This analysis shows a decline in incidents from the 2000s onwards.
Slide 13: Moving on from our tailings dams 101, we would now like to discuss tailings facilities in the portfolio.
Slide 14: Prior to going into this data, a few key points to note. This discussion covers tailings facilities (singular or clusters of dams) for both our operated and non-operated assets. The number of tailings storage facilities is calculated based on the definition agreed by the International Council on Mining and Metals Tailings Advisory Group in response to the Church of England information request. This is a different definition to the one applied in our February 2019 disclosure which was based mainly on operational management distinctions as determine by our responsible dam engineers.

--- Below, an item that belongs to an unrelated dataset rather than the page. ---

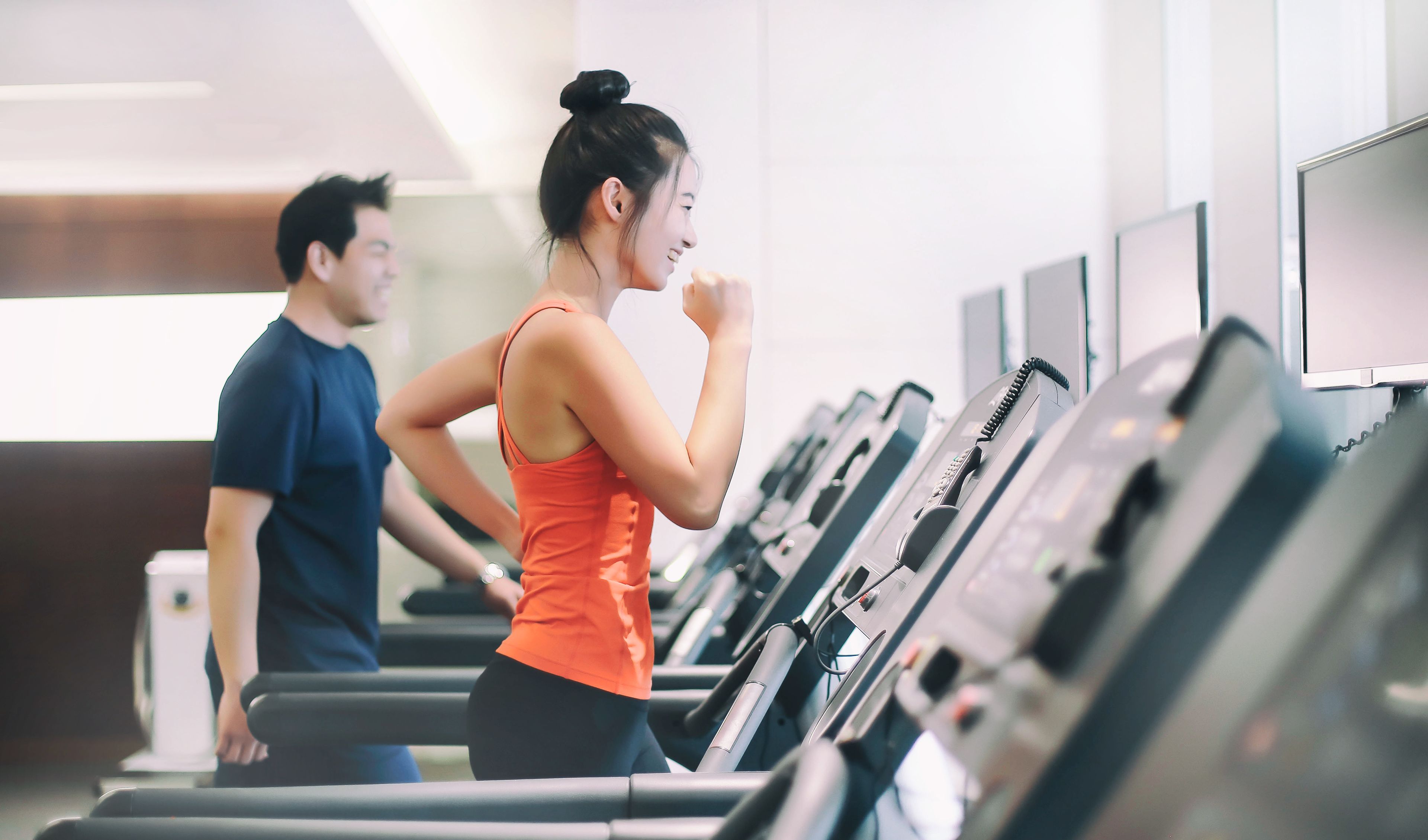 A gym with treadmills and a person running.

The classifications discussed have all been aligned to the CDA classification system for simplicity. It is important to again note that the classification is based on the modelled, hypothetical most significant failure mode possible without controls – NOT on the current physical stability of the dam. It is also important to note that it is possible for dam classifications to change over time due to factors such as changes to the operating context of a dam. As such this represents the current status of the portfolio.

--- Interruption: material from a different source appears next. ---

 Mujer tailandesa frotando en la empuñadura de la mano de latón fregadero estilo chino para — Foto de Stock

In total, BHP has 67 operated tailings facilities, 29 of which are of upstream design. We have 5 operated facilities that are classified as extreme and a further 15 operated facilities classified as very high. These will be discussed in more detail on a later slide.
13 of our operated facilities are active – i.e. currently accepting tailings. The more substantive inactive portfolio is due in large part to a number of historic tailings facilities associated with our North American Closed Sites Portfolio.

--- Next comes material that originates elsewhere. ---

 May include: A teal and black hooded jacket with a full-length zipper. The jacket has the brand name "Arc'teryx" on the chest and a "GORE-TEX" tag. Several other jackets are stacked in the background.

We also have two tailings storage facilities which are not considered dams and are not subject to classification. Hamburgo TSF at Escondida is an inactive facility where tailings were deposited into a natural depression. Island Copper TSF in Canada, acquired in the 1980s, is also an inactive facility. Here, tailings were deposited in the ocean under an approved license and environmental impact assessment. This historic practice ceased in the 1990s. Since, BHP has committed to not dispose of mine waste rock or tailings in river or marine environments.
Slide 15: This slide illustrates the geographic distribution of our operated tailings facilities.
The majority of our active facilities are in Australia, with one other being at Escondida in Chile.
We have 5 operational upstream tailings facilities – all located in Australia: WAIO (1 at Whaleback), Olympic Dam (2) and Nickel West (2). We have four hybrid facilities at our coal operations that comprise a combination of construction techniques including upstream components.
We have 24 inactive or closed upstream tailings facilities, 20 at our closed sites in North America and 4 in Australia (Nickel West (2), Olympic Dam and WAIO (Boodarie)).
Slide 16: This slide summarises the 9 tailings facilities associated with our non-operated joint ventures. All of the non-operated facilities are located in the Americas.
There are 2 active tailings facilities. Antamina which is of downstream / centreline construction and Cantor TSF at Cerrejon which is of downstream construction. In addition there are 7 inactive facilities. These include two upstream facilities at Samarco (Germano) which are in the process of decommissioning following the new rulings on upstream dams in Brazil, 3 upstream inactive facilities and 1 inactive modified centreline facility at Resolution Copper and one downstream inactive facility at Bullmoose in Canada.
The highest classification facilities rated as extreme, are the downstream facility at Antamina in Peru and the upstream Germano facilities at Samarco in Brazil.
Slide 17: BHP’s highest classification operated and non-operated facilities are summarised on this slide. As previously mentioned, it is important to note that classification is based on the modelled, hypothetical most significant failure mode without controls, NOT on the current physical stability of the dam.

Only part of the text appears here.